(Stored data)
★ ★ ★ ★ ★

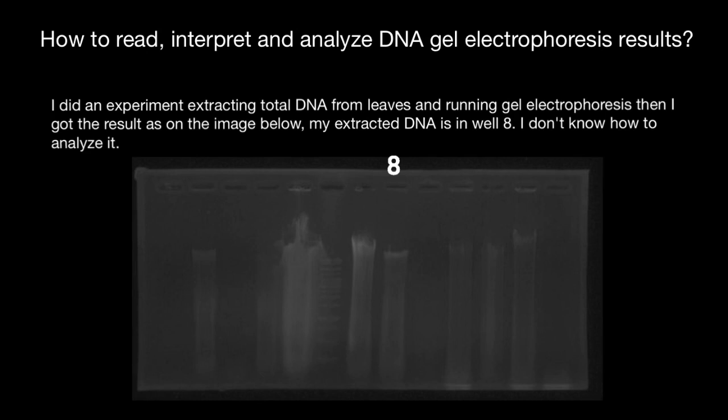Today we are going to go over this image. This is a real case study. I got a question from one of my subscribers: 'I did an experiment extracting total DNA from leaves and running gel electrophoresis. Then I got the results as shown in the image, with my extracted DNA in well 8. I don't know how to analyze what I see here.'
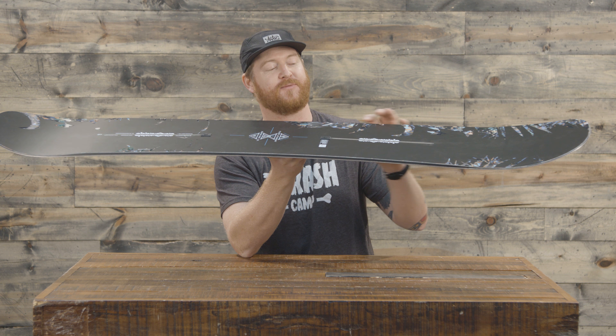It does have a Tri-X style glass. I really like Tri-X fiberglass because it makes the boards very lively, both edge to edge and tip to tail. In addition to that is one of my favorite pieces of Burton technology: a carbon I-beam. This I-beam actually runs like a strip in between those insert packs and gives the center of that board a lot of stability, strength, and pop.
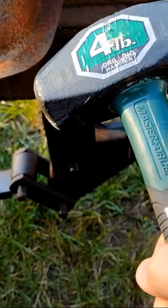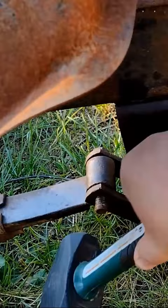These here — I've got a little four pound sledge here. That's just a little air chisel, hand air chisel — you put different bits in it.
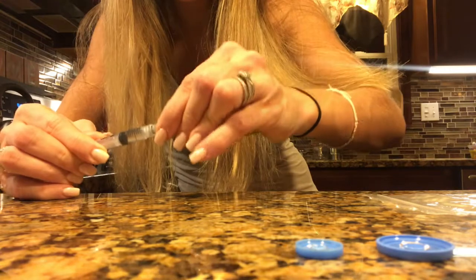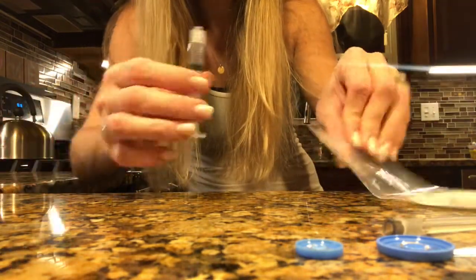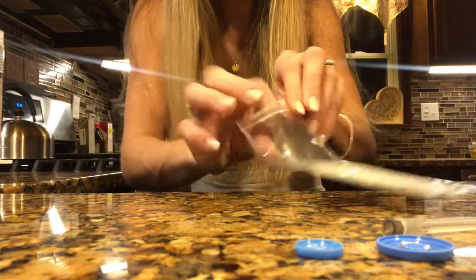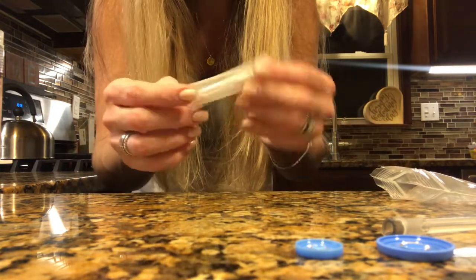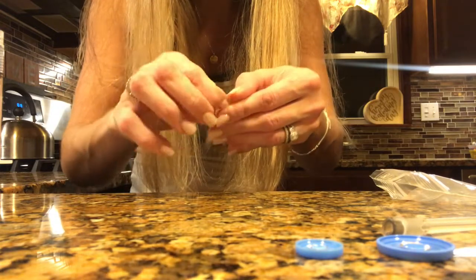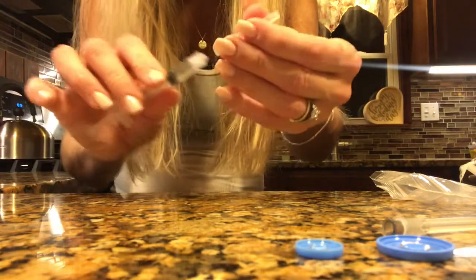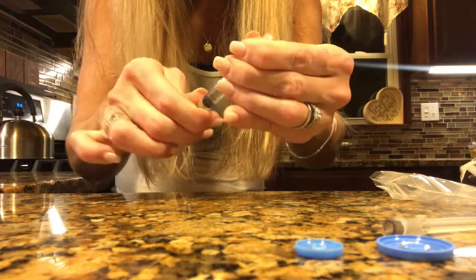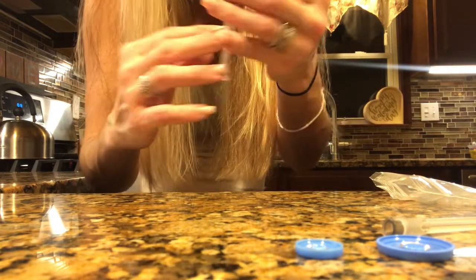When I flip the bottle over there's nothing left in here. Go ahead and recap this needle — at that point you're going to want to switch the needle size. Do not inject yourself with that huge one, it'll hurt like you know what. Grab this little teeny tiny one — it's a nice little needle — and screw that on. Push up a tiny bit until you see a couple drops.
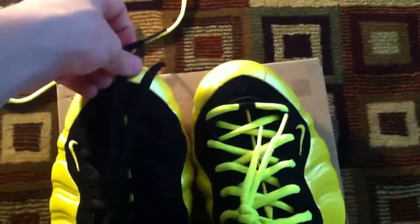You see, the yellow laces are a little short compared to the length. Right here's the end of the black lace.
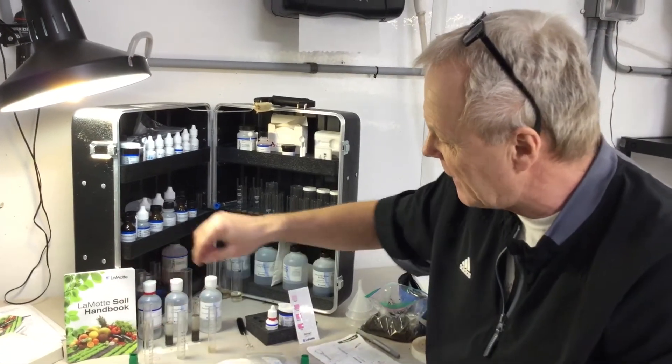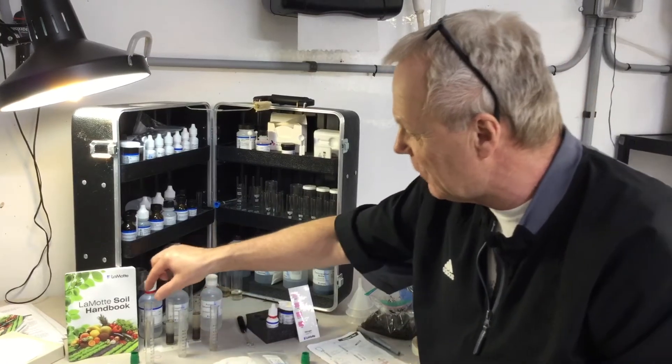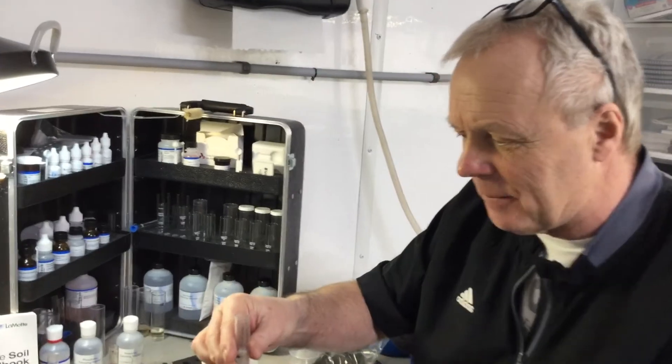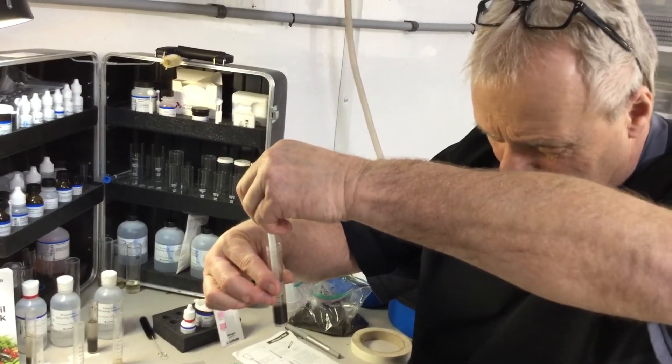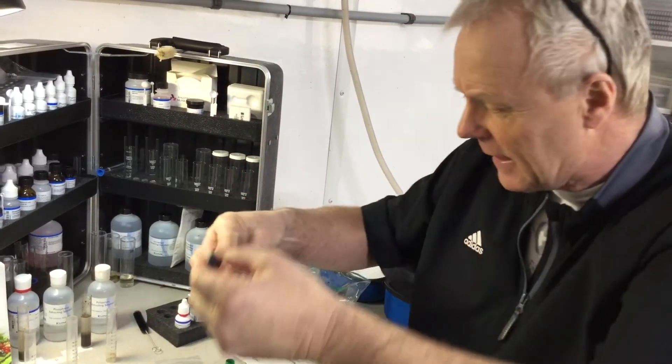And then we have to get to line four here. So when we come back, we're just going to simply take this. Here is our phosphorus — we don't want to shake it up at all. I squeeze my pipette first, put that in, and then draw that up.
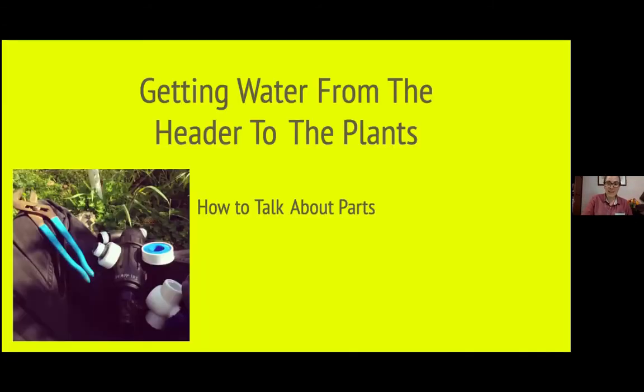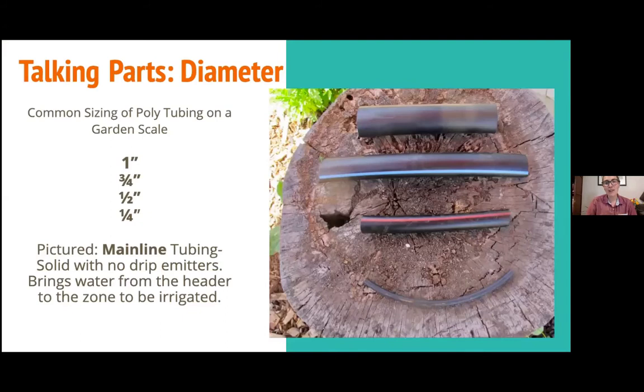Getting water from the header to the plants — you're going to go to the irrigation store and want to sound like you know what you're talking about. Don't be intimidated; most of the staff are really awesome. The first thing we always talk about is the diameter, the sizing of the tube. These are all the different sizes: one inch, three-quarter, half inch, and quarter inch. Tubing does come in millimeter sizes, but in the US I stick with inches. These are all going to be mainline tubing — tubing with no drip emitters — that gets water from your source, like your hose bib, to the actual plant.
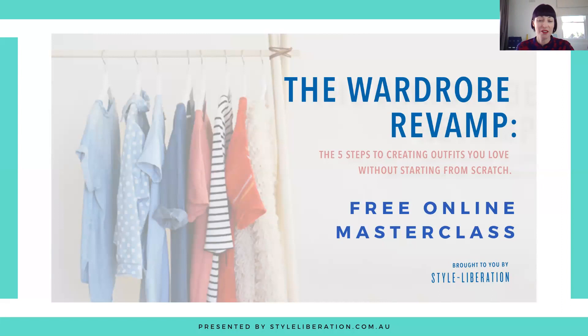Hello and welcome to 35 Plus Where to Shop, our weekly retail review where every week we share our favorite brands and retailers based on style personality, color palette, dress code, and also body shape.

★ ★ ★ ★ ★

## [Exercise details]
Could you retype the records above exactly, omitting the pictures?

## [Output of the task]
Today we are going to go over this image. This is a real case study. I got a question from one of my subscribers: 'I did an experiment extracting total DNA from leaves and running gel electrophoresis. Then I got the results as shown in the image, with my extracted DNA in well 8. I don't know how to analyze what I see here.'
It does have a Tri-X style glass. I really like Tri-X fiberglass because it makes the boards very lively, both edge to edge and tip to tail. In addition to that is one of my favorite pieces of Burton technology: a carbon I-beam. This I-beam actually runs like a strip in between those insert packs and gives the center of that board a lot of stability, strength, and pop.
These here — I've got a little four pound sledge here. That's just a little air chisel, hand air chisel — you put different bits in it.
When I flip the bottle over there's nothing left in here. Go ahead and recap this needle — at that point you're going to want to switch the needle size. Do not inject yourself with that huge one, it'll hurt like you know what. Grab this little teeny tiny one — it's a nice little needle — and screw that on. Push up a tiny bit until you see a couple drops.
You see, the yellow laces are a little short compared to the length. Right here's the end of the black lace.
And then we have to get to line four here. So when we come back, we're just going to simply take this. Here is our phosphorus — we don't want to shake it up at all. I squeeze my pipette first, put that in, and then draw that up.
Getting water from the header to the plants — you're going to go to the irrigation store and want to sound like you know what you're talking about. Don't be intimidated; most of the staff are really awesome. The first thing we always talk about is the diameter, the sizing of the tube. These are all the different sizes: one inch, three-quarter, half inch, and quarter inch. Tubing does come in millimeter sizes, but in the US I stick with inches. These are all going to be mainline tubing — tubing with no drip emitters — that gets water from your source, like your hose bib, to the actual plant.
Hello and welcome to 35 Plus Where to Shop, our weekly retail review where every week we share our favorite brands and retailers based on style personality, color palette, dress code, and also body shape.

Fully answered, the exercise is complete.